The might of the City of London’s finest law firms are lining up for battle with the Solicitors Regulation Authority (SRA) over a proposal that could massively dilute the prestige of the solicitor brand.

To the alarm of top global megafirms who rake in millions in the capital partly thanks to the esteem in which the English legal profession is held, the SRA is considering a new route to qualification that would allow people to qualify as solicitors without completing a qualifying law degree or the Legal Practice Course (LPC). Under the radical plan, the training contract requirement would also be waived for these non-graduates.

So, with the right on-the-job training basically anyone could call themselves a solicitor.

On one hand, this seems progressive — after all, who uses much of what they learnt at university and law school (which of course cost a lot more than they used to)?

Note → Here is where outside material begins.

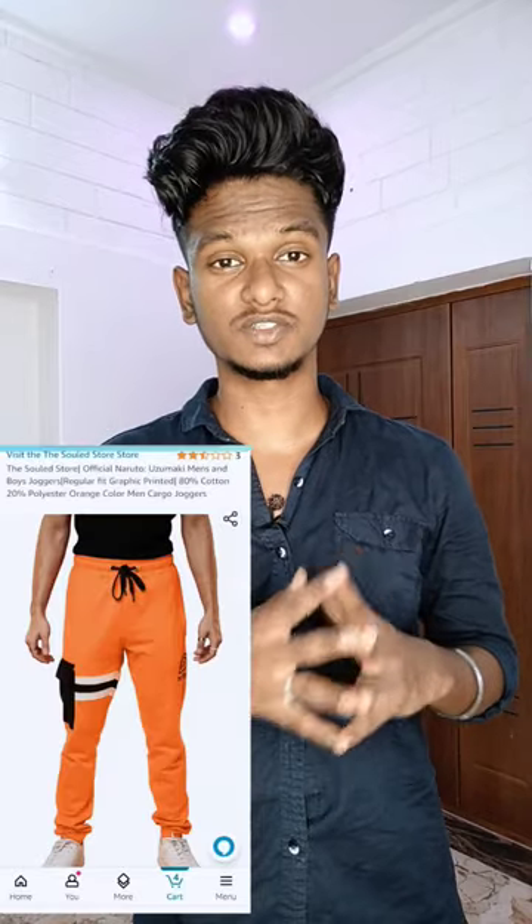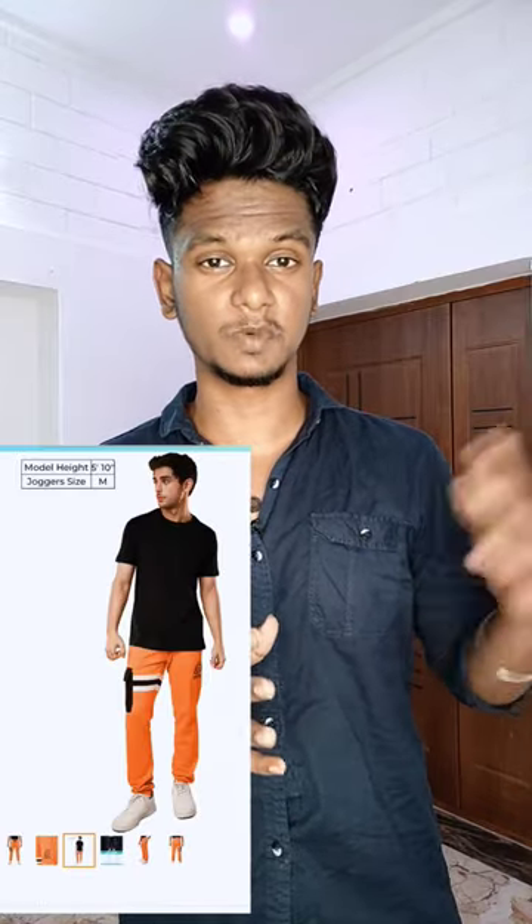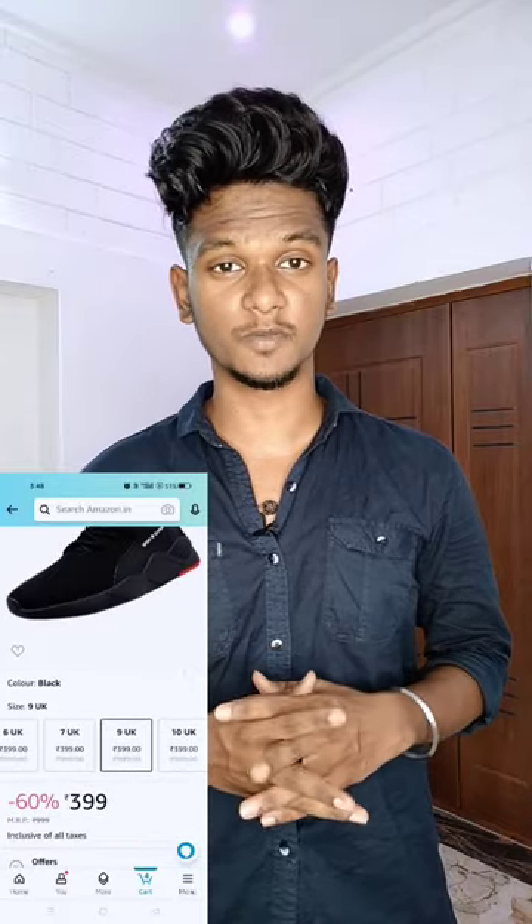If you use the orange trackpant, you can use the Sold and Store brand. The price is 750 rupees — the price varies by size. The shoe is 400 rupees.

But on the other, scrapping all the traditional hoops that wannabe lawyers have to jump through would leave the English legal profession looking rather flimsy in comparison to its counterparts in other countries.

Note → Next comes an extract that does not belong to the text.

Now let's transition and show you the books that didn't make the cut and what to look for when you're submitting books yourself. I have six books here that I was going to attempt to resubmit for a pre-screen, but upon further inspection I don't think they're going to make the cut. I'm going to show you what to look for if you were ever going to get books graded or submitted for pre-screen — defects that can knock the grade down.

In the US, lawyers must complete a four year liberal arts degree followed by a three year stint at law school. OK, so American law graduates don’t do training contracts and can practice straight out of law school, but their seven years of academic study more than makes up for this.

In Australia, another country without a strict traineeship requirement, time spent at law school is also much greater than on these shores, while in Germany aspiring solicitors have to do a whopping nine years of study.

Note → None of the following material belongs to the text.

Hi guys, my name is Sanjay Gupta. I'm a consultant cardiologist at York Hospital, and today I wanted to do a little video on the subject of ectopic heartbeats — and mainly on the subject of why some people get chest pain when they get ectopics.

As such, City of London lawyers feel justified in arguing for the preservation of the training contract. In a response to the SRA, issued via the Law Society, one Square Mile chief summed up the mood, writing:

In the international sphere, UK lawyers are already considered less academically trained than other lawyers. If the SRA’s proposals go ahead, you are totally undermining the position of English law as a qualification. If you take away the training contract, what are you left with?

Legal Cheek caught up with one of these lawyers, Skadden’s Allan Murray-Jones, who stressed that he and his City law pals weren’t against initiatives like Trailblazer apprenticeships and earn-while-you-learn degrees that cut costs for students. Rather, Murray-Jones says that they just want to ensure that solicitor training continues to be of a sufficient length to main credibility. He explained:

Mayer Brown and ULaw’s combined degree and work programme is an excellent development. With it taking place over the course of six years there is clearly no need for a defined training contract to take place within that. Government-backed Trailblazer apprenticeships will also offer great opportunities for firms outside London to reduce training costs. What we take issue with is shortening the necessary period of training to an extent that is too great.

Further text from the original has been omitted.